> _Aim of the task_:
Search the entries below for "kitchen", and copy each line where it appears.

> _Data shown_:
= = =

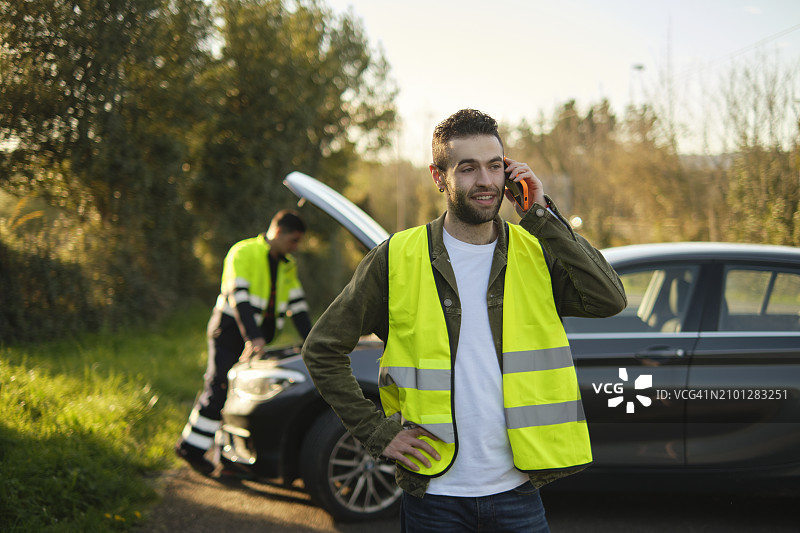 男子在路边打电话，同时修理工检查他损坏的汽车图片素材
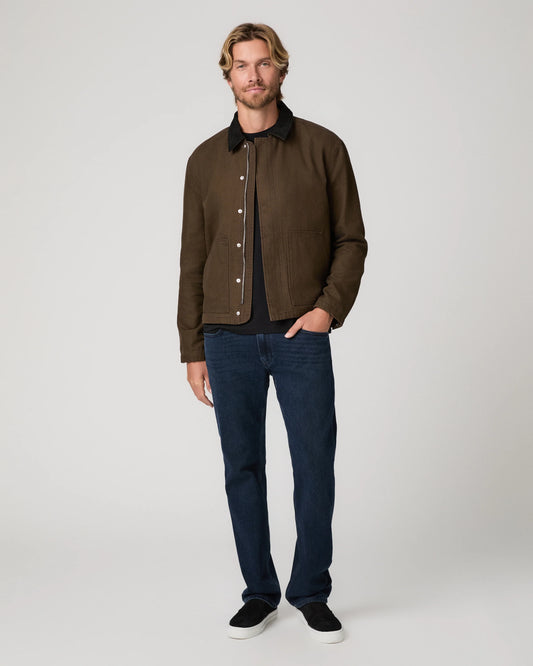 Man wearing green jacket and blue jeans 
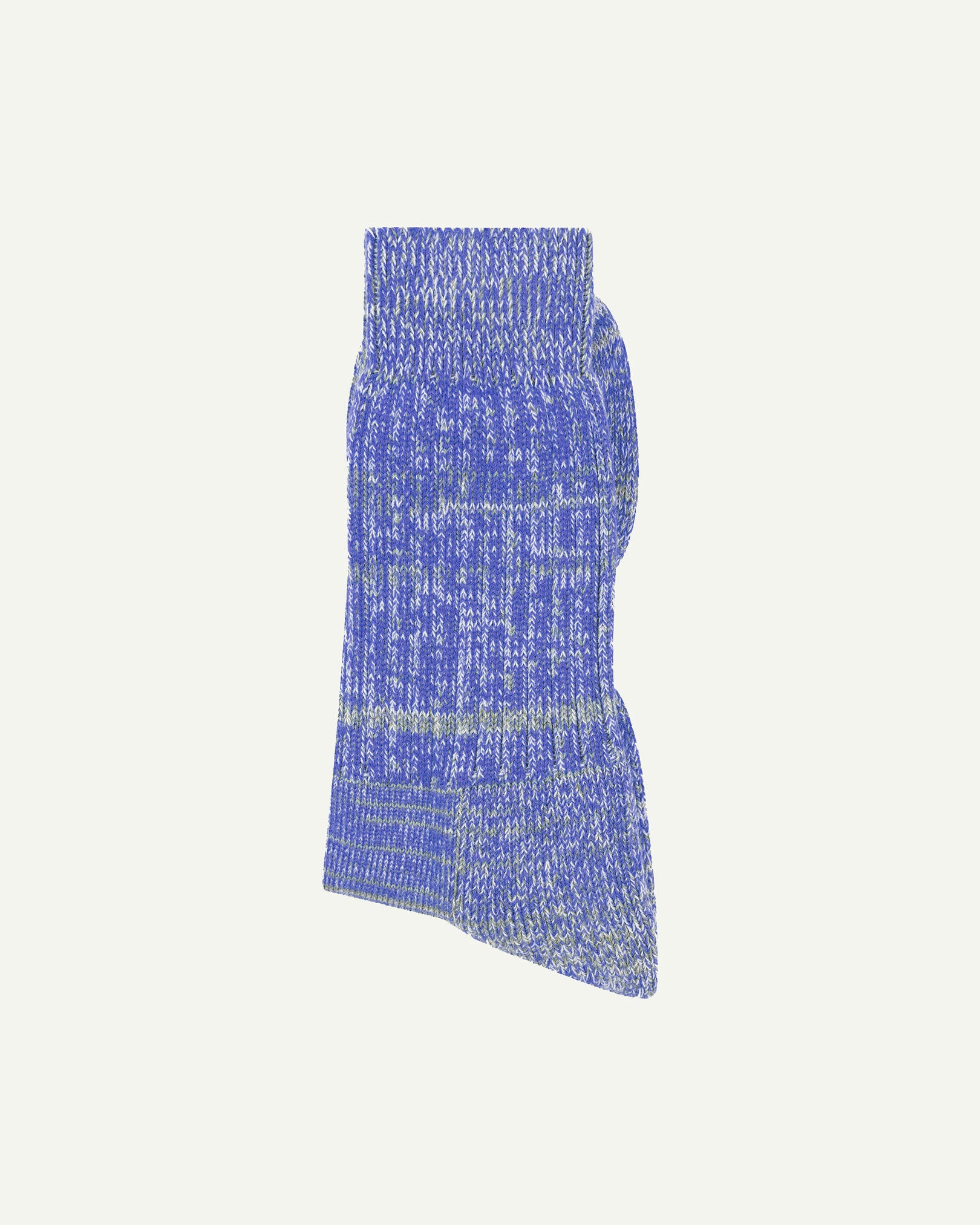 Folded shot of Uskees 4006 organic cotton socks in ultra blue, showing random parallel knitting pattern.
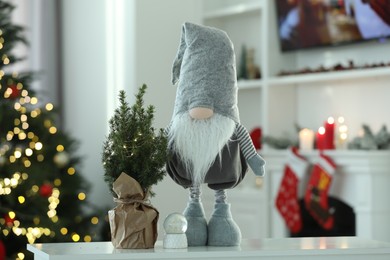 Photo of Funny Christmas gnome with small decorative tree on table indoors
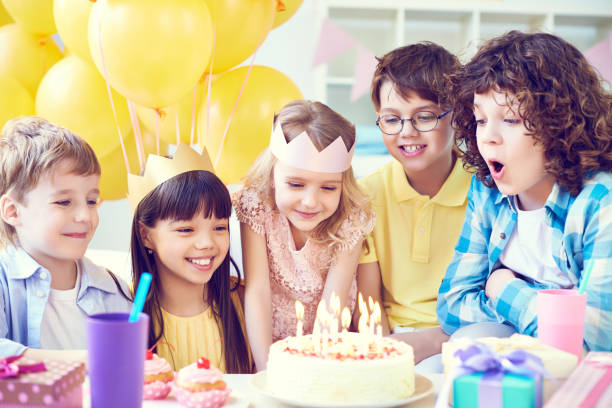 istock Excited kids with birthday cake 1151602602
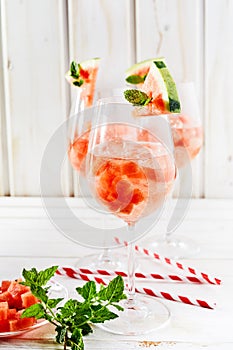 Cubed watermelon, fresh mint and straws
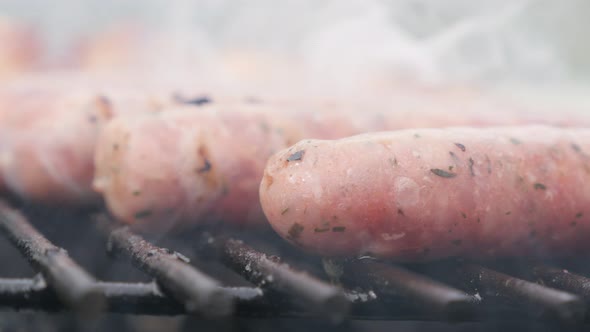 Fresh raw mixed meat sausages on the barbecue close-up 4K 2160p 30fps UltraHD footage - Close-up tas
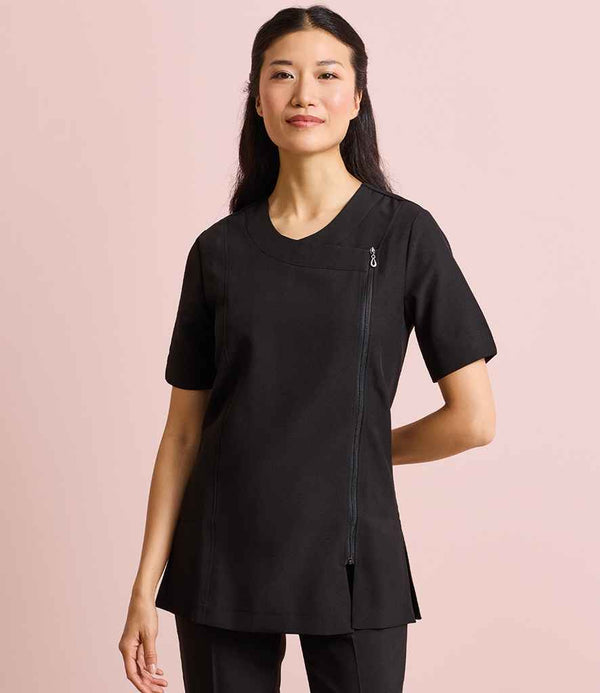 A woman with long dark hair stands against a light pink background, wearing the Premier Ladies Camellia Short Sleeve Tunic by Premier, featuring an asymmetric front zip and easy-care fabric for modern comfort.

= = =

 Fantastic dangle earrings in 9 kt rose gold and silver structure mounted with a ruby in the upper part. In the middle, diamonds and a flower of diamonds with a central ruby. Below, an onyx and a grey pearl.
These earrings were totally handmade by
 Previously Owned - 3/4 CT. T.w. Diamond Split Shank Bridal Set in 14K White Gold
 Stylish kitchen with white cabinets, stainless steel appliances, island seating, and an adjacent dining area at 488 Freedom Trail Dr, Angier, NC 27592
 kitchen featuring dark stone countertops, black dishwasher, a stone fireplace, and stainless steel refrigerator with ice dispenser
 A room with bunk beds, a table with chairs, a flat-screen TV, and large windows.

= = =

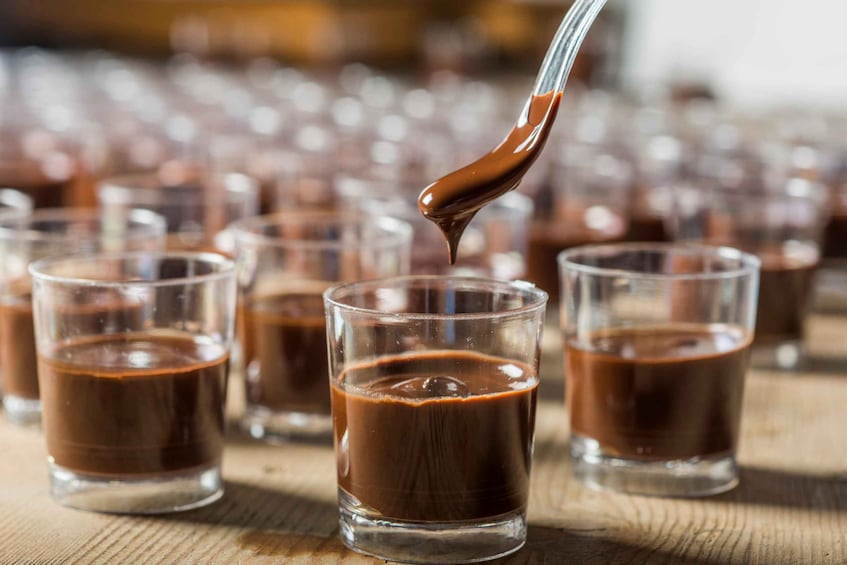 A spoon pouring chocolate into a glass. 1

= = =

> _Finished exercise_:
 Stylish kitchen with white cabinets, stainless steel appliances, island seating, and an adjacent dining area at 488 Freedom Trail Dr, Angier, NC 27592
 kitchen featuring dark stone countertops, black dishwasher, a stone fireplace, and stainless steel refrigerator with ice dispenser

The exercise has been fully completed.